Tenía con todos nosotros una paciencia infinita, porque siempre estábamos
encima de él pidiéndole muñequitos, y él, callado, dibujaba y dibujaba sin
negarse nunca. Yo sabía que era muy pobre, pero su uniforme cuidadosamente
remendado siempre estaba pulcro. Nunca jugaba en los recreos y no era obligado,
como nosotros, a hacer educación física en el patio ni a trabajar en el huerto
escolar. Todos lo respetábamos, hasta
los maestros lo trataban con deferencia.
Un día faltó en el aula,
y otro, y otro… Yo sentía cosas por él, pero quién va a pensar en amores cuando
solo se tienen nueve o 10 años, sobre todo si el amado no te dedica ni una mirada
y siempre mantiene los ojos bajos, mientras dibuja para ti.
Me escapé de la escuela y
fui hasta donde su familia tenía un puestecito de frutas.
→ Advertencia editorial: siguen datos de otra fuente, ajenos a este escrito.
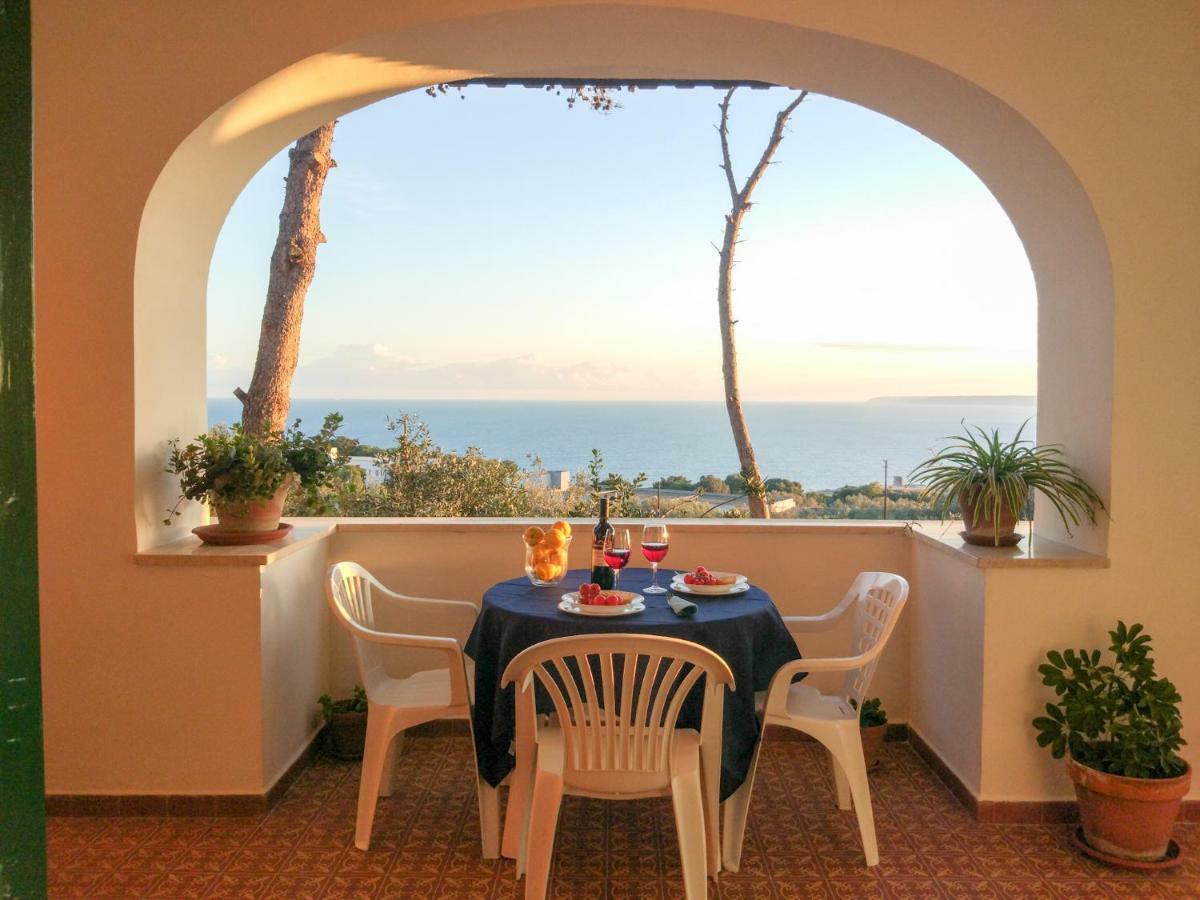 Villa Alda - Bilocali Vista Mare Santa Cesarea Terme Eksteriør bilde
Una señora que
atendía el mostrador dijo ser su madre y que él estaba enfermo. Pedí que me
dejara verlo, y ella me llevó, siempre en silencio, a un cuartico al fondo del
local. Un cuartico oscuro, con solo un jergón en el que yacía mi amigo. Estaba
muy débil y más pálido que de costumbre. No dijo una palabra.
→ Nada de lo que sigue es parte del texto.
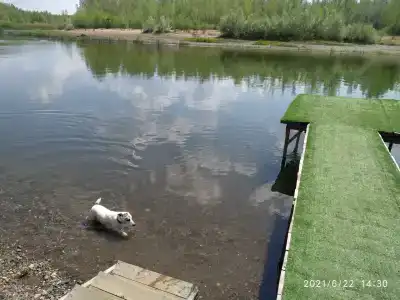 Теремок - 25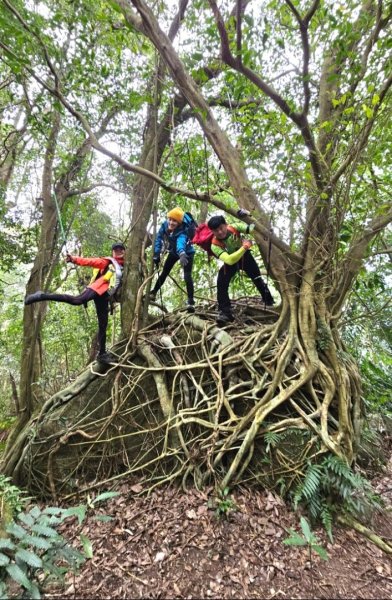 【苗栗郊山聖稜線】仙神象18連峰大縱走2676010
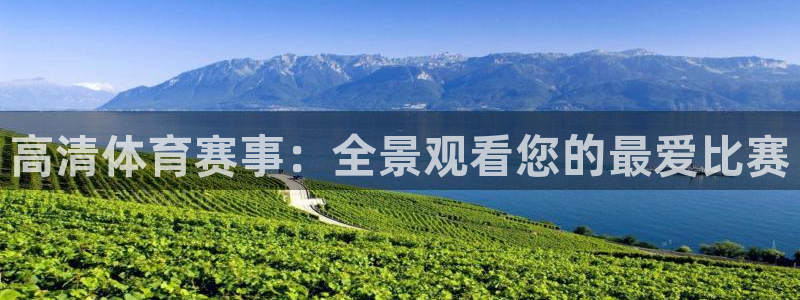 乐球直播无插件：高清体育赛事：全景观看您的最爱比赛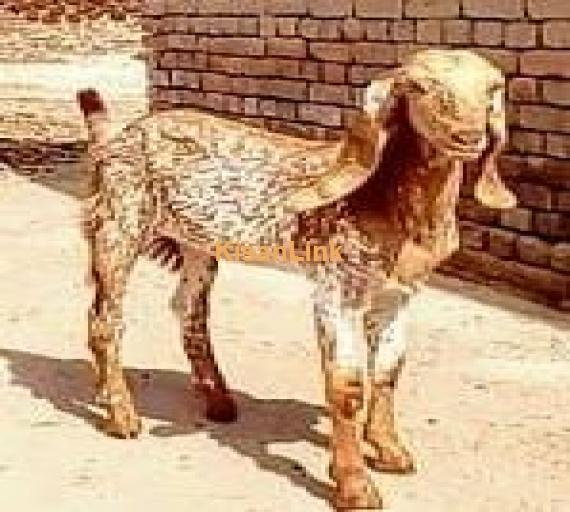 Makhi cheena path for sale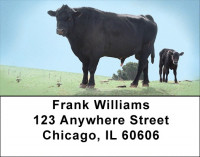 Black Angus Cattle Address Labels | LBQBB-08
Cuando llegué a mi casa, ya mi abuela sabía, por una maestra, que yo me
había fugado. Le confesé dónde había estado, y ella casi se desmayó. Me dijo,
con cara de horror, que no podía volver allí nunca más, porque todos los chinos
estaban tuberculosos.
Era una creencia popular
basada en algo que en cierta época fue una triste realidad, pues databa de los
tiempos en que los chinos respiraban carbón y se morían vomitando sangre negra
de sus pulmones destrozados, y mi pobre abuela, inocente galleguita, estaba
convencida de que aquello seguía siendo cierto. Pronto los maestros nos dijeron
que nuestro amigo pintor no tenía suficiente sangre. Nunca volvió a la escuela.
Hoy encontré esta crónica
-de Ramón Meza- que yo no conocía, y me acordé de mi amor chino de infancia,
cuya memoria influyó, estoy segura, en que, ya adolescente, fuera yo a
matricular en la Academia de Artes Plásticas San Alejando con la esperanza de
llegar a dibujar algún día como él.
Y decidí escribirle una carta más (esta no es la primera), tal vez con
el deseo de repartir un poco de aquel sentimiento tan inocente y puro entre ese
mundo de espectros solitarios que vaga todavía por las calles estrechas del
Barrio Chino de La Habana, donde, como se lamentaba siempre mi amigo el
escritor Alberto Mesa Comendeiro, enamorado perdido de la cultura china, “ya no
queda ni un chino”.
No es del todo cierto. Quedan entre nosotros chinos de primera y segunda generación. Por paradojas de la vida, mi propia hija es una de ellos. No tiene los rasgos, solo ese color pálido y amarfilado, esa piel delicada como una concha lavada por el mar, y ese hermetismo que delata su sangre, esos ojos que, cuando los miro, me hundo en un abismo, ese rostro que jamás revela un pensamiento, así, como si fuera la hija de Nicolás. (Gina Picart Baluja)
[1] Se refiere a las carboneras de los barcos de vapor de la Compañía Trasatlántica.